On April 4, a date chosen because April Fools' Day fell on a Saturday, Apple released a freely downloadable beta utility called Boot Camp. Boot Camp has one astonishing, if not bizarre, purpose: To give Intel-based Macs the capability of booting and running Windows XP. It doesn’t surprise me that Windows runs on Macs; that was inevitable, and when Boot Camp was released open sourcers were within two or three device drivers of achieving that goal without Apple’s help. Indeed, the stouthearted crew at onmac.net set up a cash kitty to reward those who solved the problem of Macs’ inability to boot Windows.
Booting Windows XP is the problem that Boot Camp solves. It doesn’t run Windows and OS X side by side. It allows them to coexist on a Mac’s boot drive so that a user can choose to reside in Cupertino or Redmond at startup. To switch OSes, you have to shut down or reboot. This would be too much of a pain if Apple hadn’t automated the setup. You’ll find the technical details in my Enterprise Mac blog, but Apple crafted an ideal approach to dual-booting.
At the Worldwide Developers Conference 2005, where the Intel transition was announced, the official company line regarding Windows on the Mac was trotted out: Apple “did nothing specifically to prevent running Windows, but Apple will not support running Windows on Mac systems.”

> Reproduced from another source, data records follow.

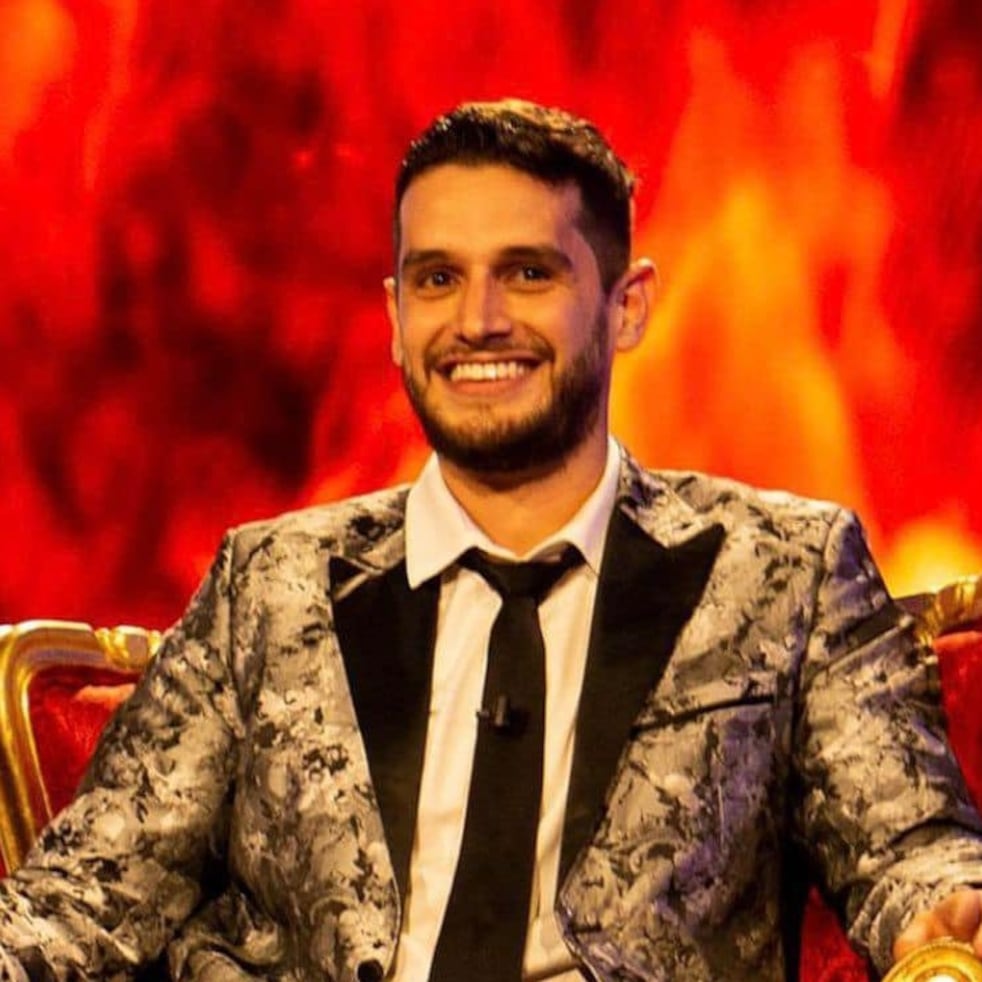 La hospitalización de Adrián Marcelo desata inquietud entre sus seguidores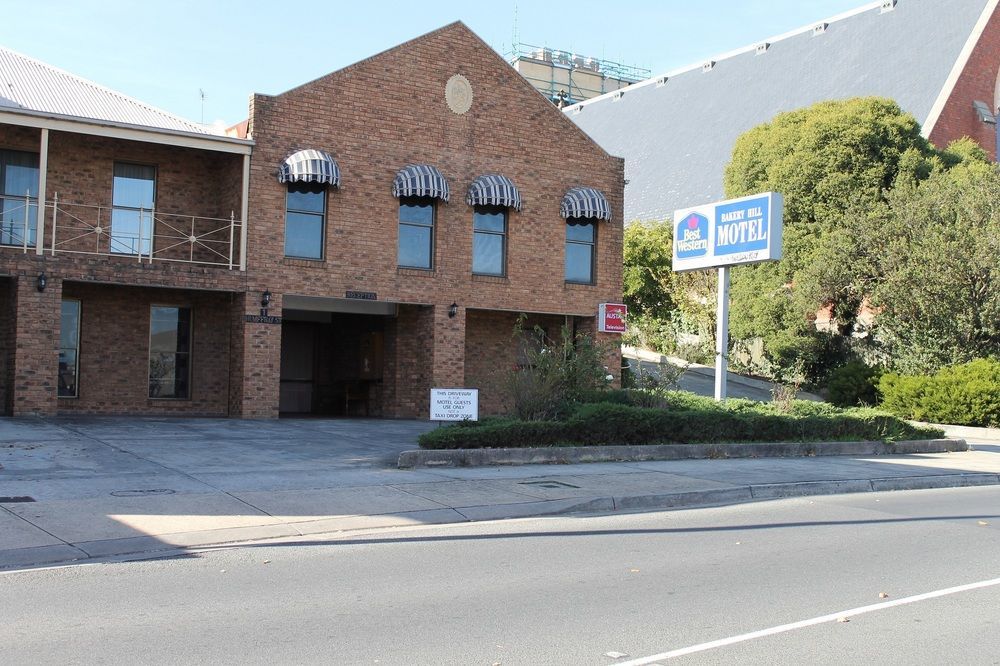 Bakery Hill Ballarat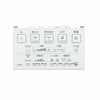 CES9335PRの壁リモコン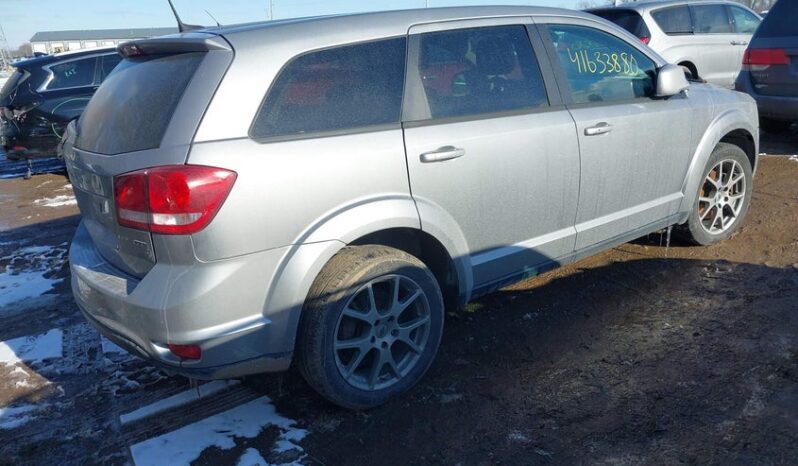 
								2019 Dodge Journey full									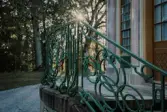 Kina slott, Drottningholm. Ekerö
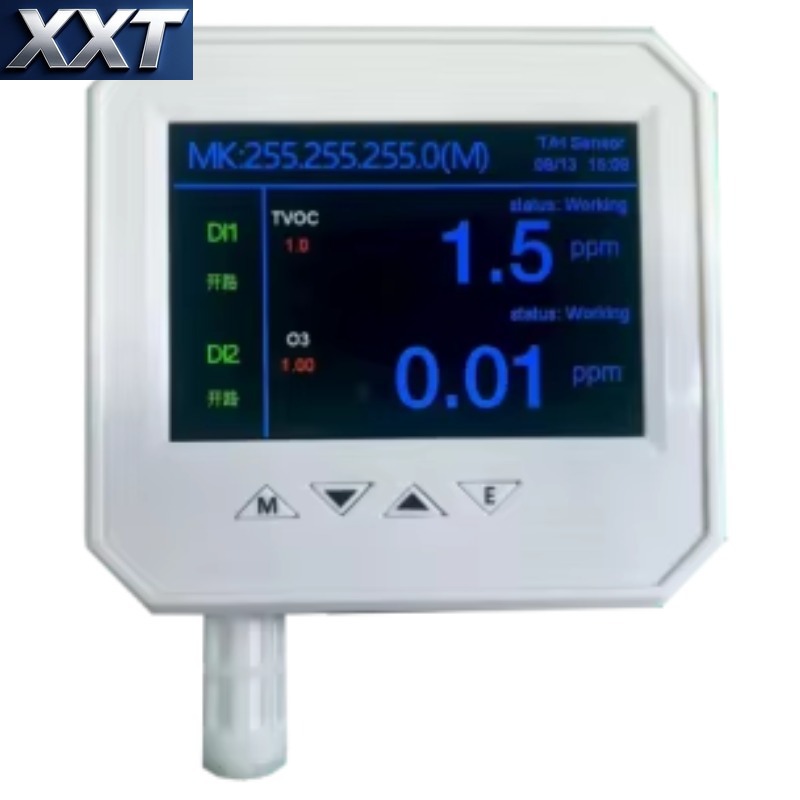 XXT Integrated Multi Value Dat - Lab Equipment review and price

Apple still won’t claim to support Windows on a Mac, hanging the beta tag and setting a self-destruct timer on the Boot Camp software.
However, Boot Camp will be integrated into Leopard, the next major release of OS X, and interestingly, Boot Camp’s time bomb is set to go off in fall of 2007. Come next fall, either that time limit will be extended or Leopard’s release will make such an extension unnecessary. In any case, Windows on the Mac will likely be supported the way Microsoft supports Linux on Virtual Server: It starts out being something users do at their risk, but when the vendor realizes Linux on Windows, or Windows on Macs, is moving sales, grudging support is phased in.
During a briefing, Boot Camp’s program manager told me that Boot Camp was created to address two groups of prospective Mac buyers: those who had one Windows application they absolutely couldn’t live without, and those who had trepidation about making a buying decision that precluded running Windows. That latter issue is the “I have one desk, I’ll have one PC” objection that’s dogged Apple from the start -- and to which Apple has always responded, “The Mac runs Office.” To be able to say, “The Mac runs Windows,” is a better convincer, and cheaper, too, for those who already own Office for Windows.
There are two other groups whose needs are addressed by Boot Camp. Group Three comprises gamers, developers, and enthusiast/power users who realize that Macs are the best-designed systems on the market but who, on principle or by necessity, won’t buy anything that won’t run the OS of their choice. And then there’s Group Four: Mac users who have talked Windows users into making the switch but can’t follow through on their promise to keep all of their converts’ data intact. Meet the poster boy for Group Four. I’ve been sitting on the iMac I have set aside for my wife, who is a lifelong Windows user, since I received it. Boot Camp gets me off the hook.